Brief:
Without the images, reproduce each line of the material exactly.

Dataset extract:
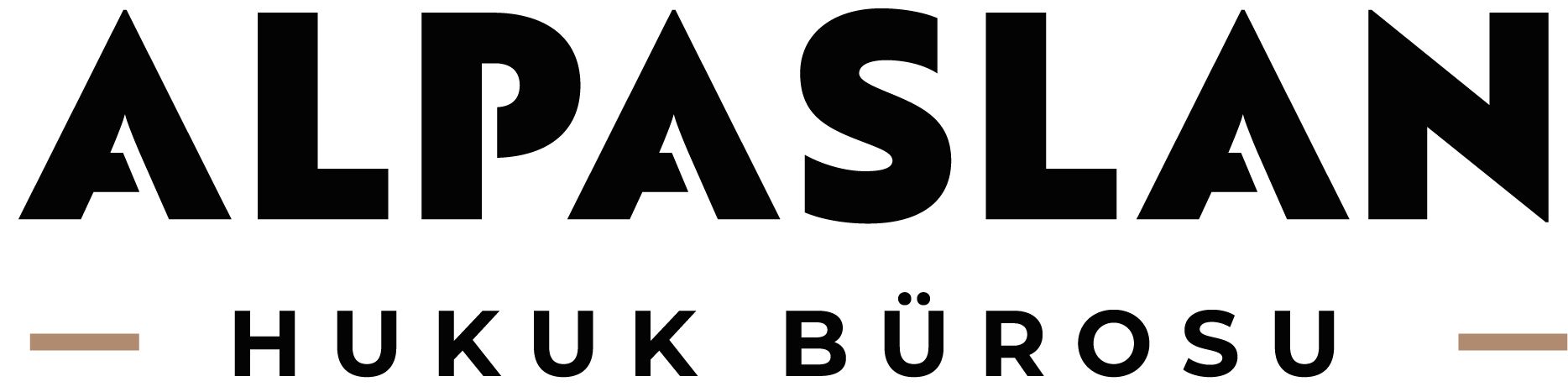Alpaslan Hukuk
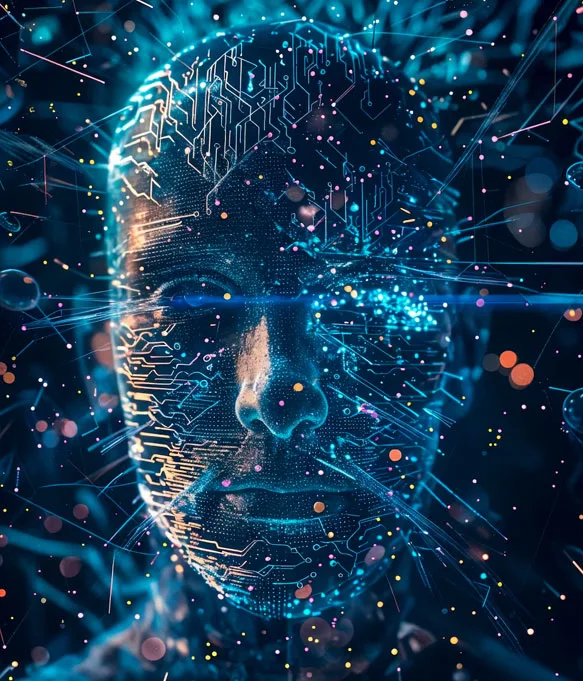 您的掌上赛事数据中心 - 蓝鲸体育直播APP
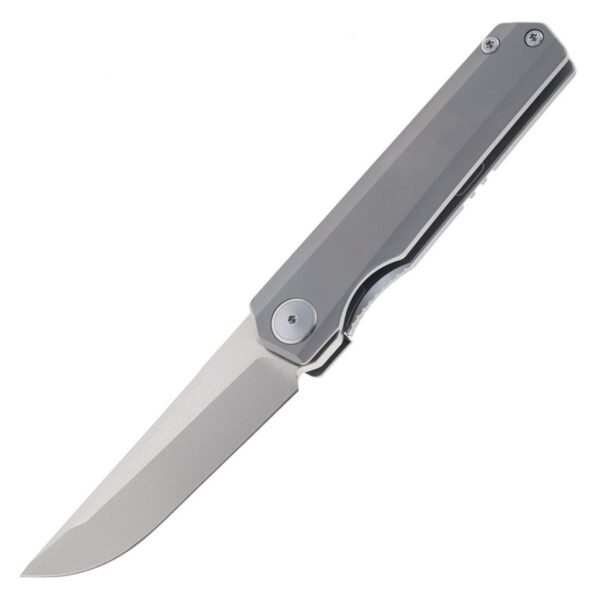 Maxace Baby Racoon Dog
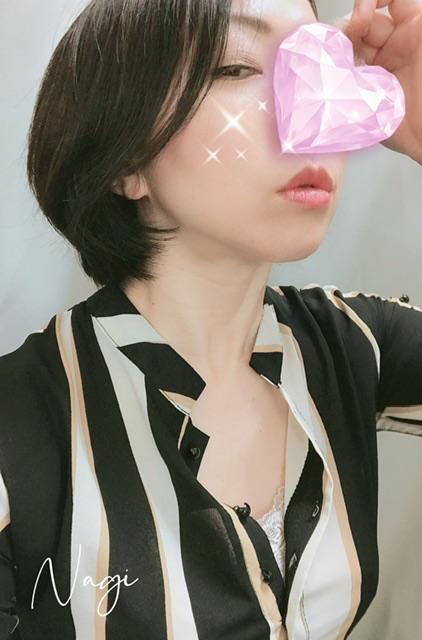「凪」の写真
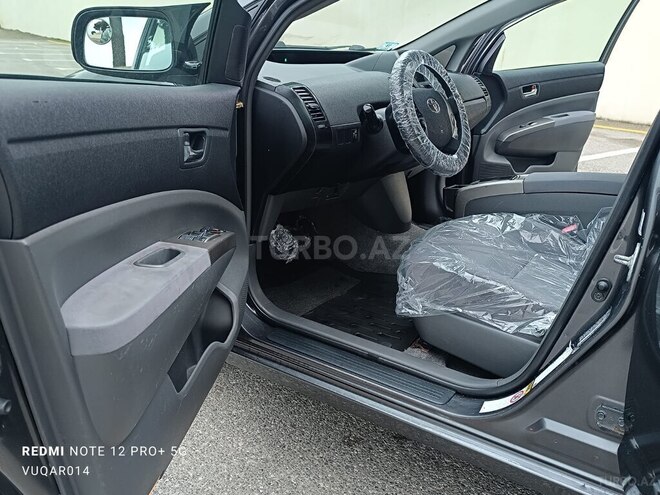 Toyota Prius 2008, 310,000 km - 1.5 l - Sumqayıt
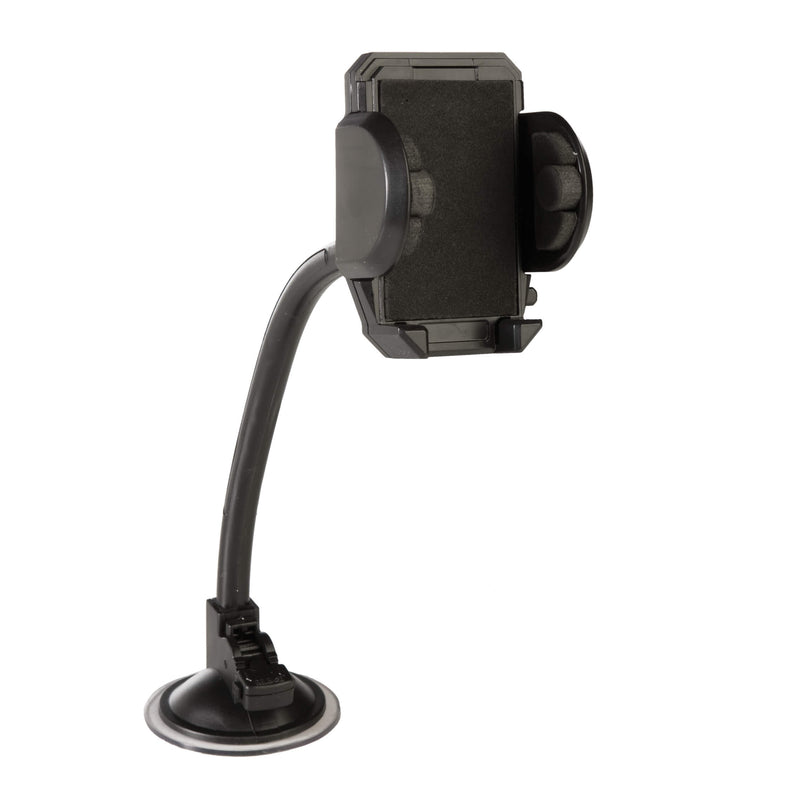 PDA houder -Car+- 44-115mm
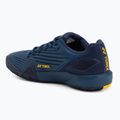 Scarpe da tennis da uomo YONEX Eclipsion 5 CL blu inchiostro 3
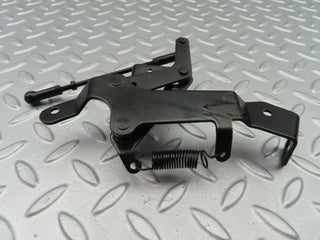 R107 SLC throttle linkage used OEM
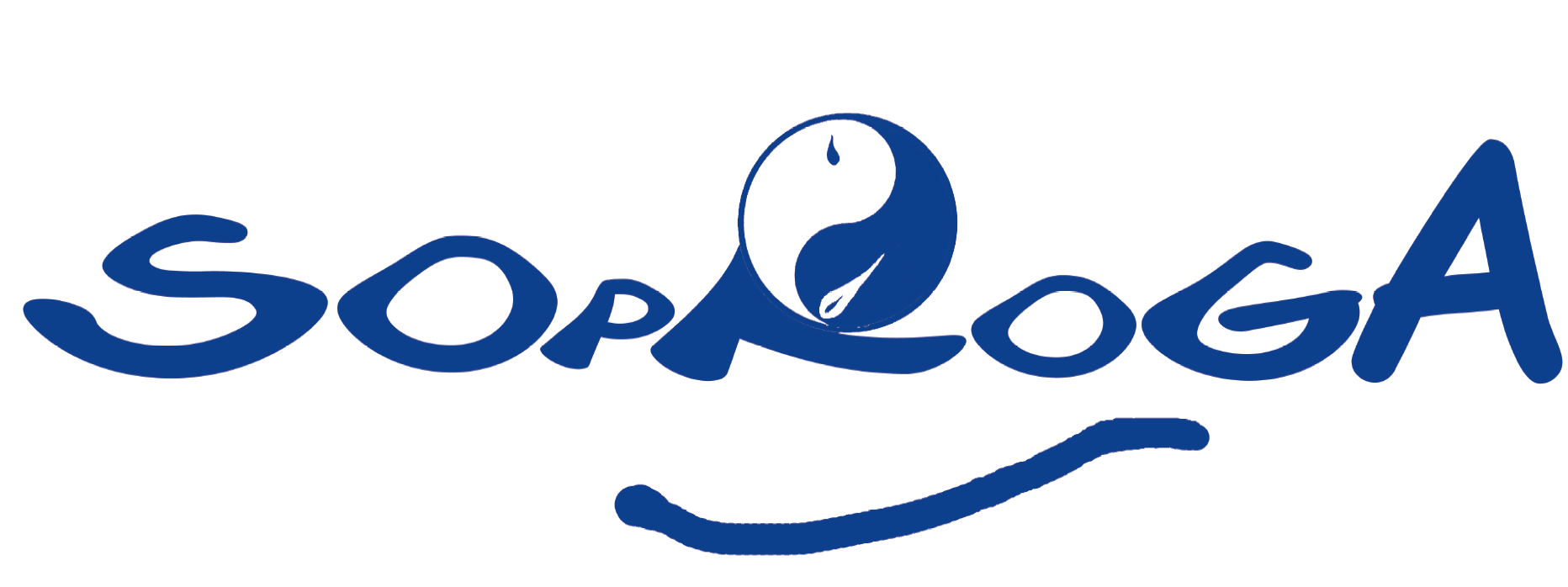 SOPROGA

Written answer:
Alpaslan Hukuk
 您的掌上赛事数据中心 - 蓝鲸体育直播APP
 Maxace Baby Racoon Dog
「凪」の写真
 Toyota Prius 2008, 310,000 km - 1.5 l - Sumqayıt
 PDA houder -Car+- 44-115mm
 Scarpe da tennis da uomo YONEX Eclipsion 5 CL blu inchiostro 3
 R107 SLC throttle linkage used OEM
 SOPROGA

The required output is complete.